One aspect that’s not achievable is they discuss hiding the chain of thought in its raw form because the chains are allowed to be unaligned. This allows the model to operate without any artifacts from alignment and apply them in the post processing, more or less. This requires effectively root and you would need the unaligned weights.
Ok but this presses on a latent question: what do we mean by alignment?
Practically it's come to mean just sanitization... "don't say something nasty or embarrassing to users." But that doesn't apply here, the reasoning tokens are effectively just a debug log.
If alignment means "conducting reasoning in alignment with human values", then misalignment in the reasoning phase could potentially be obfuscated and sanitized, participating in the conclusion but hidden. Having an "unaligned" model conduct the reasoning steps is potentially dangerous, if you believe that AI alignment can give rise to danger at all.

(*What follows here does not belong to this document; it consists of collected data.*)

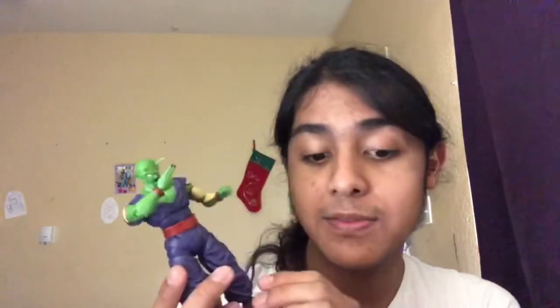Anyways, I'm glad I have this figure. I really like Piccolo — he's one of my personal favorites. Piccolo and Gohan are my favorite dynamic duo. I like the purple gi — it's a lot better than the orange that Goku wears. That's about all I have to say about this guy. Great fig, great posability, to be honest.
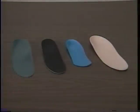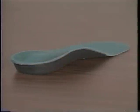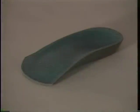Four different types of BioThotic devices are available. The ProFunction BioThotic is a thin semi-rigid orthotic designed for men's dress shoes and women's casual shoes. The ProFunction orthotic can be trimmed up to the metatarsal heads if the shoe is too tight in the toe box area.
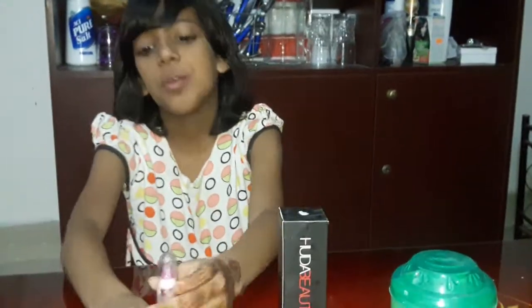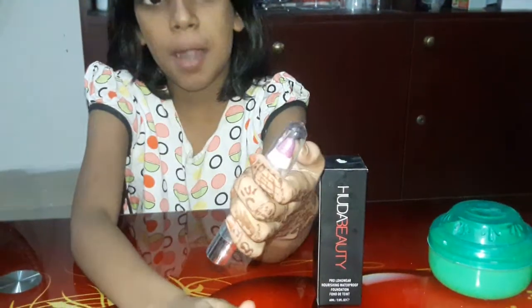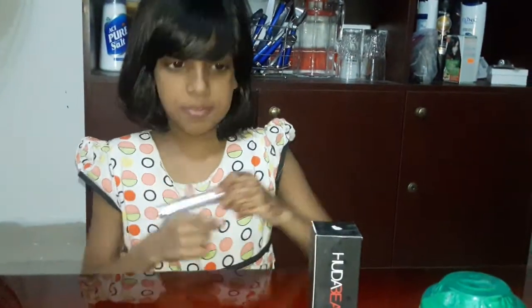Guys, today we will do how to make your lipstick darker. We go to the shop and buy this lipstick. Its color is purple but when you use it, it will be white. See? How to make your lipstick darker.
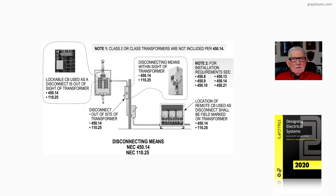Right below that, the disconnect is out of sight of the transformer and it shows a disconnect behind the wall. There's a central location to place it — same thing. You have 450.14 and 110.25 requirements.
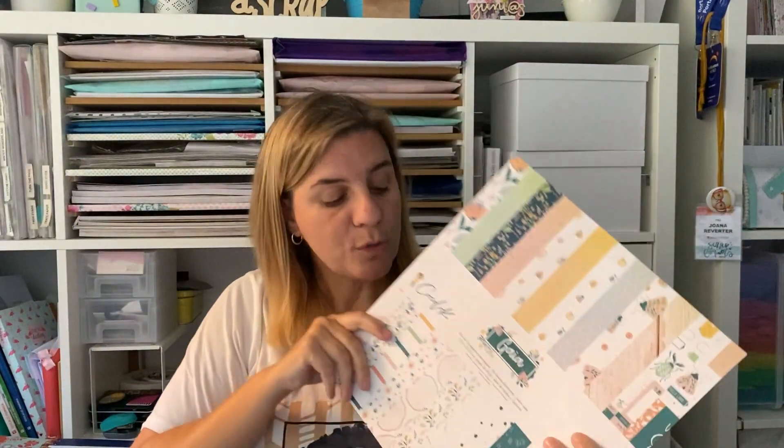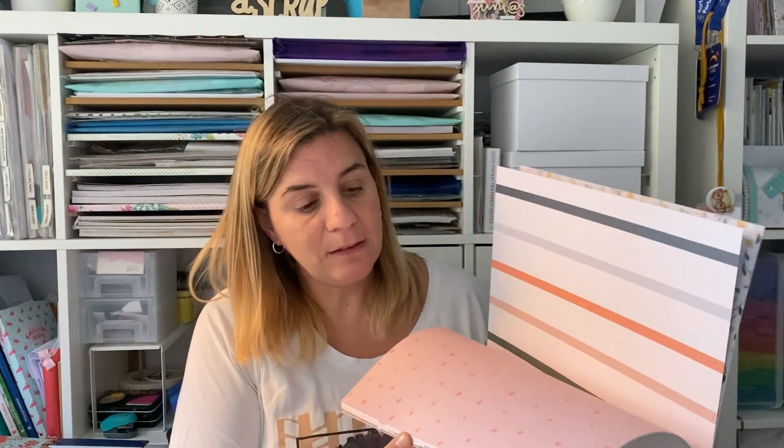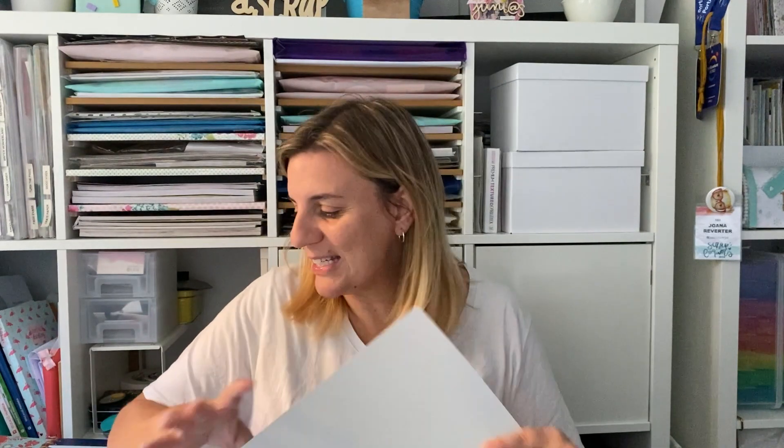En el número uno, las colecciones de papel. El papel para mí es quizá lo más importante. Sin el papel no podría scrapear. Es lo primero que me llamó la atención en el mundo del Scrap, y supongo que es por lo que sigo scrapeando hoy en día, por estas maravillosas colecciones de papel. Aquí englobaríamos también el tema die cuts, stickers y todo lo que conlleve una colección, porque me gusta todo.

Personally I think that in practice alignment has come to mean just sanitization and it's a fig leaf of an excuse for the real reason they are hiding the reasoning tokens: competitive advantage.
Alignment started as a fairly nifty idea, but you can't meaningfully test for it. We don't have the tools to understand the internals of an LLM.
So yes, it morphed into the second best thing, brand safety - "don't say racist / anti-vax stuff so that we don't get bad press or get in trouble with the regulators".
The challenge is alignment ends up changing the models in ways that aren’t representative of the actual training set and as I understand it this generally lowers the performance even for aligned things. Further the decision to summarize the chains of thought includes the answers that wouldn’t pass alignment themselves without removal. From what I read the final output is aligned but could have considered unaligned COT. In fact because they’re in the context they’re necessarily changing the final output even if the final output complies with the alignment. There are a few other “only root could do this,” which says yes anyone could implement these without secret sauce as long as they have a raw frontier model.